Die Vielzahl an Ebenen und Kontexten handhabt Behrend souverän in ihrer essayistischen, immer glasklaren Darstellung. Neben ihren detaillierten Bildinterpretationen lässt sie historische Bezüge und theoretische Überlegungen leichthändig mitlaufen, die sich an keiner Stelle mit großer erklärender Geste in den Vordergrund drängen.
Behrend nimmt Nagels Zeit seines Lebens artikulierten Anspruch ernst, als Werkzeug Gottes zu agieren. Den Blick dafür schärfte sie während ihrer ethnographischen Arbeit in Ostafrika. Dort ist sie, wie sie schreibt, "immer wieder Propheten begegnet, die - von Gottheiten oder Geistern ergriffen - in schlimmen, katastrophischen Zeiten, die alle verlässlichen Voraussetzungen des Lebens erschütterten, nach Auswegen suchten". Und alle diese Propheten "stellten die je vorherrschende gesellschaftliche Ordnung radikal in Frage".
Eine Provokation für seine Zeit war Nagel in jedem Fall, und daher ist Behrends Buch neben vielem anderem auch eine minutiöse Studie über Zugehörigkeit und Ausgrenzung. Nachdem er seine eigene Lebensweise vollständig umgestellt hatte und in einer - wenn auch stilvoll dekorierten - Erdhöhle wohnte, begann er, sich selbst in Zeitungsannoncen als Naturheilkundigen zu empfehlen. Die Behörden reagierten mit Verwarnungen, seine Mitmenschen verspotteten ihn und zerstörten sogar seine Behausung. Nach dem Tod seiner Mutter zerbrach schließlich auch das Verhältnis zu seinem Vater, der ihn entmündigen ließ.
Nagel verließ Arendsee in einer Bewegung, die halb Flucht vor dem Vater und der drohenden Einweisung in eine Irrenanstalt, halb Wanderschaft mit unklarem Ziel war. Schließlich führte sie ihn durch Deutschland, die Schweiz, Italien und Ägypten bis nach Palästina. Auf dieser Reise begann Nagel, das Medium der Fotografie gezielt einzusetzen. Behrend sieht daher in ihm einen spezifisch modernen Propheten, der selbst über die Sichtbarkeit seiner Person bestimmt. Im Gegensatz zu anderen Zeitgenossen hatte er keine feste Gefolgschaft, auch wenn seine Vorträge oft große Menschenmengen anzogen. Nun sicherte er sich mit dem Verkauf der Postkarten eine andere Art der Gefolgschaft, seine Käufer und Kunden.
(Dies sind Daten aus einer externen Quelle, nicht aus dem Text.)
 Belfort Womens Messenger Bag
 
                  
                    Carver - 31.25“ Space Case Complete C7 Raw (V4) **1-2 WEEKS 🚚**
So wurde die Fotografie zu seiner primären Einkommensquelle.
Das Kaufmännische, merkt Behrend an, blieb in Nagel weiterhin aktiv und trieb ihn zu immer neuen kommerziellen Unternehmungen an. Nachdem seine Entmündigung 1903 aufgehoben wurde, betrieb er zunächst mehrere Jahre lang ein Sonnen- und Brausebad. 1910 konnte er schließlich das Seegrundstück erwerben, auf dem er eigenhändig seinen Paradiesgarten errichtete, eine Gartenanlage mit Bauten in der Form von Grotten und Höhlen und schließlich einem Tempel. Den Eingang bewachte ein Kassenhäuschen.
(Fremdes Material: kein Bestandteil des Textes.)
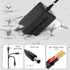 Charger for Bose Soundlink I II III Replacement Wireless Speaker, 17V Power Cord for Soundlink Speaker 369946-1300,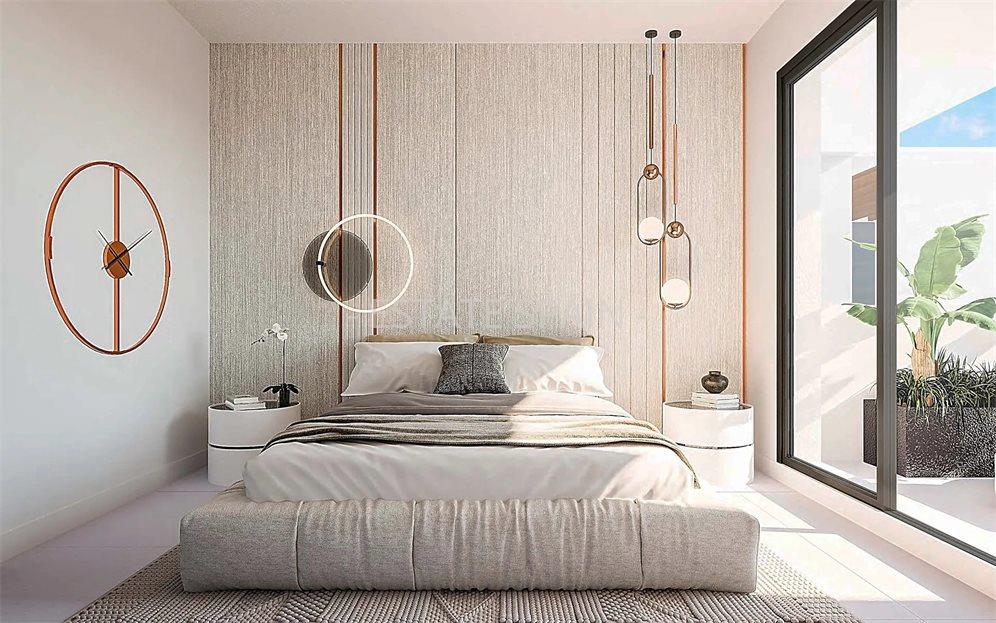 Апартаменты в Бенальмадене 102 м2 №ART261164CCBA  - Продажа - 7 large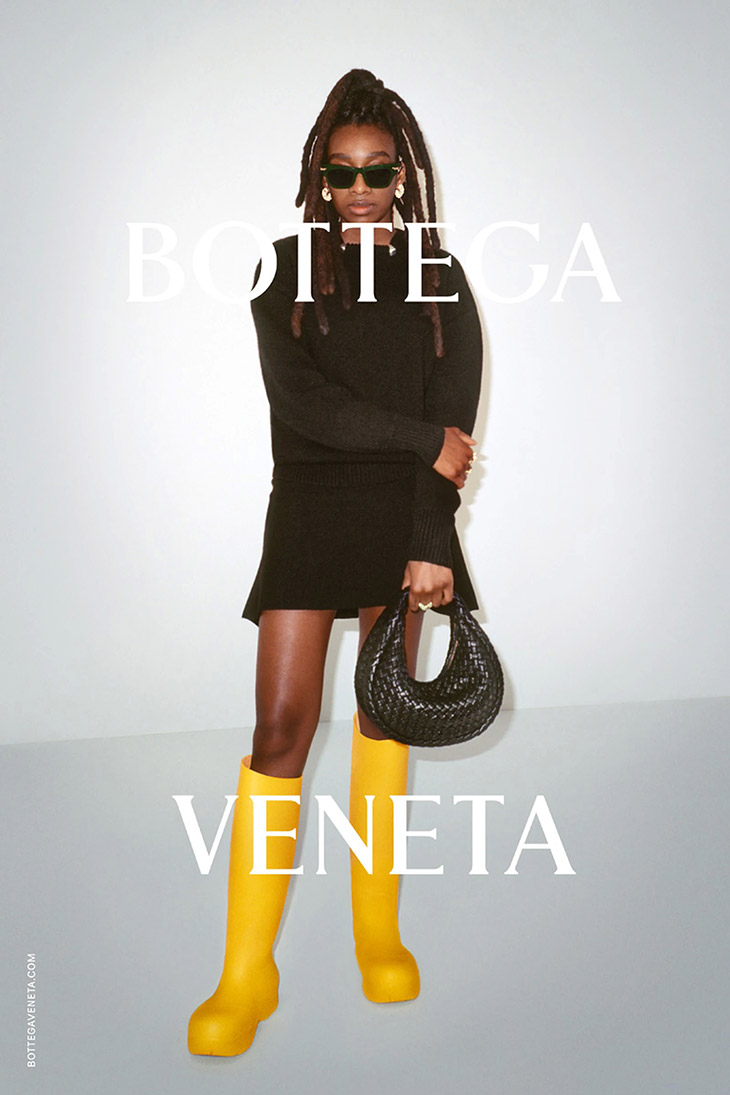 The End Of A Very Quick Era! Daniel Lee Is Leaving Bottega Veneta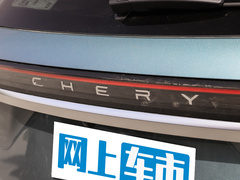 2023款 400T 两驱豪华版 5座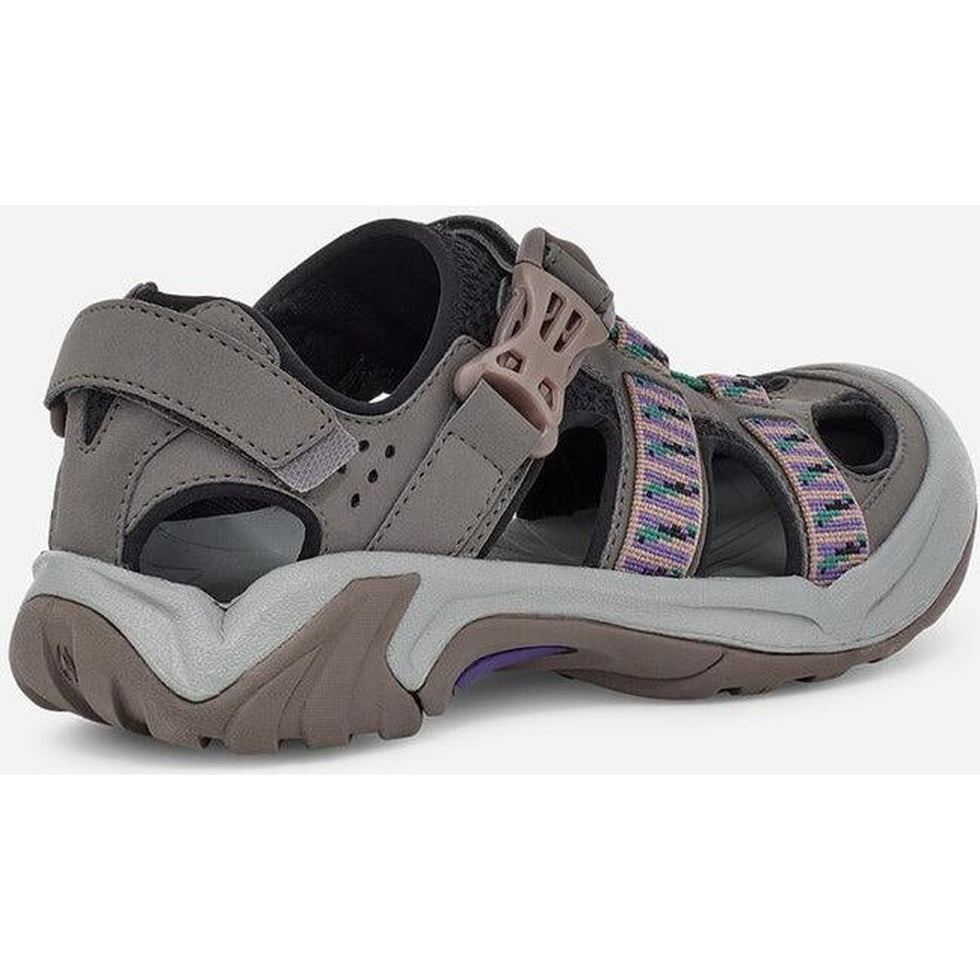Women's Omnium-Women's - Footwear - Sandals-Teva-Appalachian Outfitters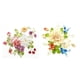 thumbnail image 1 of Kits de de 2 Uds, Kit de Pintura de Flores DIY, de Estampado, 1 of 9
Behrend zeigt, wie Nagels gesamtes Leben in einer permanenten Spannung nicht nur zwischen seiner Berufung und den gesellschaftlichen Erwartungen verlief, die ihn immer wieder Diskriminierung und Verfolgung aussetzten. Bei aller Randständigkeit seiner Lebensweise vertrat er für seine Zeit konventionelle oder sogar konservative Positionen. Stellenweise wird Behrends neutrale Haltung dadurch auf eine harte Probe gestellt. Dann behilft sie sich mit sanfter Ironie. Das gilt zumal für Nagels Vorstellungen von Ehe und Sexualität. So sehr der "Maulwurf des Geschlechtstriebs" ihn seit seiner Pubertät quälte, war für ihn im Gegensatz zu anderen Lebensreformern die freie Liebe keine Option. Sexualität sollte idealerweise in der Ehe stattfinden. Behrend formuliert vorsichtig: "Gustafs Übernahme von weiblicher Kleidung und femininen Posen ging jedoch im Alltagsleben nicht mit einer Auflösung der Geschlechterhierarchie einher." Nagel war dreimal verheiratet, dreimal wurden die Ehen geschieden.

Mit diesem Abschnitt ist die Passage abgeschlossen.